I found this book to be very wordy. This lady loves to hear herself talk and has to use as many big words as possible in order to make sure that the reader feels like she must be smart so she must know what she's talking about.It seems to me that this book is less about how "heavily modified" people got to be the way they are and more about what the author seems to think is "wrong" with these people.I was dissappointed and would ask for a refund if it were possible.
D**A
Very readable and important topic.
Very readable and important topic.
C**P
Valuable insight but takes a heteronormative position on sexuality
The book would benefit from broader thinking on sexuality. Psychoanalytic thinking needs to move on from heteronormative accounts of the relationhips between mother/father-child and the "desires" inherent in those dyads/triads. On Chapter 1 - As you desire me - page 33, the author writes:"Importantly, at the intersection of the first stirrings of desire, the little boy and little girl have an asymmetrical experience in relation to the mother. The little boy is, at birth, exposed to the opposite sex. In this sense desire may flow more easily in the dyad... By contrast the little girl, who is not an Oedipal object for the mother, may feel that she simply cannot get enough positive investment in her bodily self, that she cannot elicit the mother's desire enough, if at all, to shore up her quota of desirability.
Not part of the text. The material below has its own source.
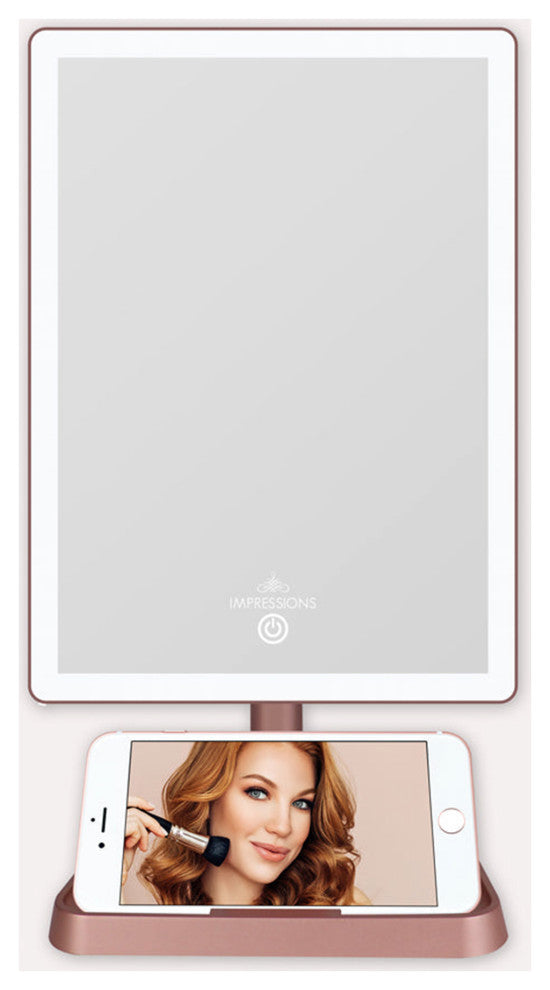 Charmed Arch Tri Tone LED Makeup Mirror with Phone Holder, Rose Gold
Instead she has to wait for her turn when, and if, her relationship with her father is more accesible to her." (Lemma, 2010)Sadly, this view is imbued with the heteronormative assumption that the mother, father and child are heterosexual. Even if the constituent elements of a dyad/triad are more polarised towards a heterosexual position within a continuum of sexuality, sexuality is not a fixed state of being and "desire" does not circumscribe itself to the subject/object's gendered/sexual roles. A study on mothers/fathers' desires/fantasies/intrusions towards their children would hopefully illuminate us further.
M**T
One Star
Ill informed and biased. Poorly written and poorly conceived. Avoid!